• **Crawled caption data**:
----

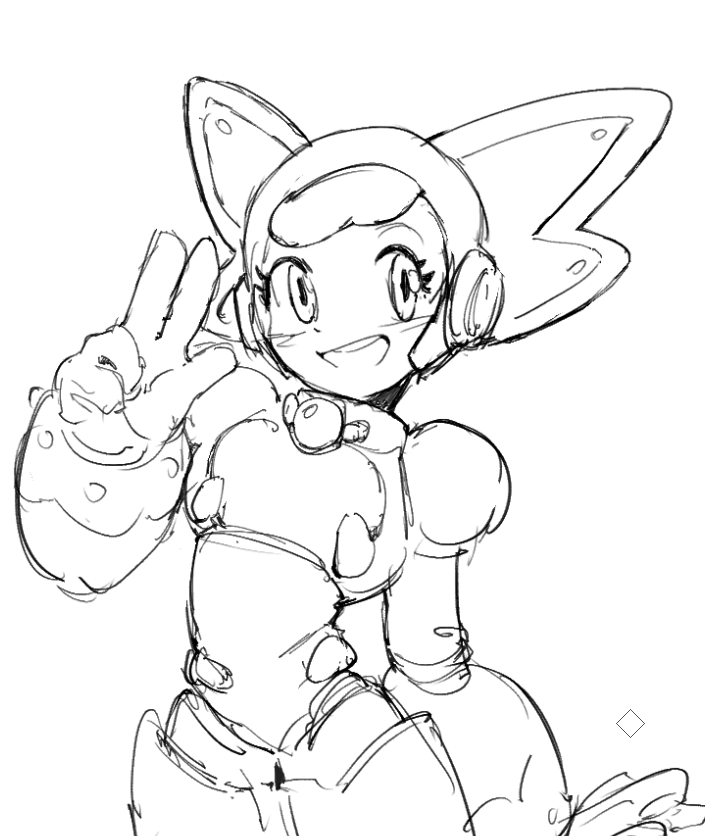 renshen76157203's tweet photo. 在数位屏上速摸了！
＃megaman https://t.co/I51yIxRv1K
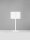 Tischlampe Weiß Stoffschirm E27 58 cm Kabelschalter Modern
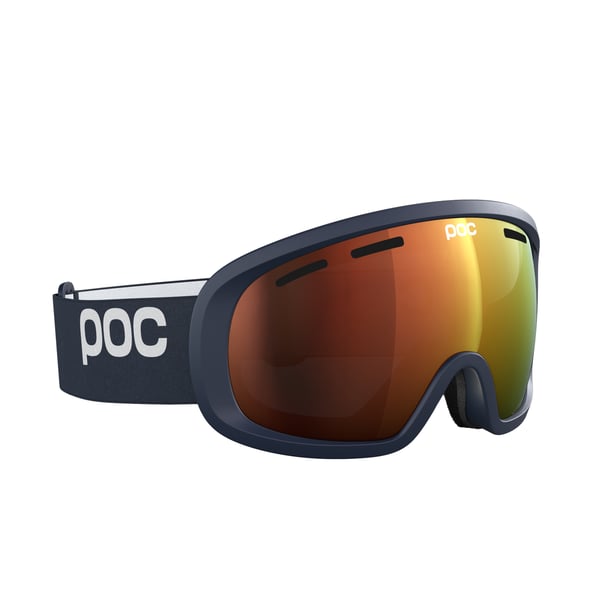 POC Fovea Mid slalomglasögon Marinblå Barn Orange Cylindrisk (flat) glas
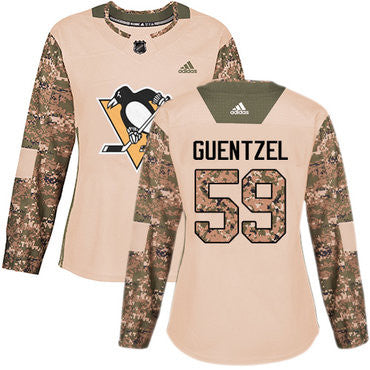 Adidas Pittsburgh Penguins 59 Jake Guentzel Camo Authentic 2017 Veterans Day Womens Stitched Nhl Jersey
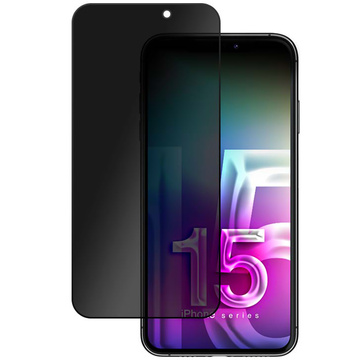 Sichtschutzglas für iPhone 15 Pro Max – 3mk HardGlass Max Privacy™ Anti-Spyware gehärtet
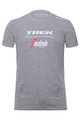 SANTINI Cycling short sleeve t-shirt - TREK 2018 - grey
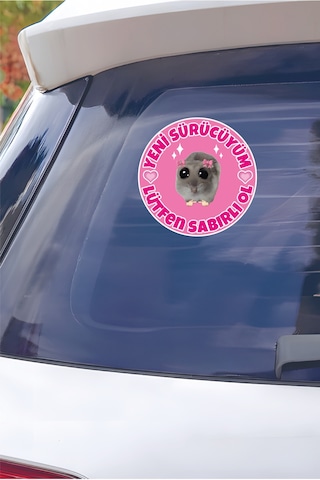 Acemi Sürücü Yeni Sürücü 16x16 Cm Su Geçirmez Yüksek Çözünürlüklü Sticker Araba Motor Sticker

----

• **Exercise brief**:
Repeat, with no pictures, every line from the top of the entries above through the line that has "SANTINI Cycling short", keeping each one exact.

• **Response to the task**:
 renshen76157203's tweet photo. 在数位屏上速摸了！
＃megaman https://t.co/I51yIxRv1K
 Tischlampe Weiß Stoffschirm E27 58 cm Kabelschalter Modern
 POC Fovea Mid slalomglasögon Marinblå Barn Orange Cylindrisk (flat) glas
 Adidas Pittsburgh Penguins 59 Jake Guentzel Camo Authentic 2017 Veterans Day Womens Stitched Nhl Jersey
 Sichtschutzglas für iPhone 15 Pro Max – 3mk HardGlass Max Privacy™ Anti-Spyware gehärtet
 SANTINI Cycling short sleeve t-shirt - TREK 2018 - grey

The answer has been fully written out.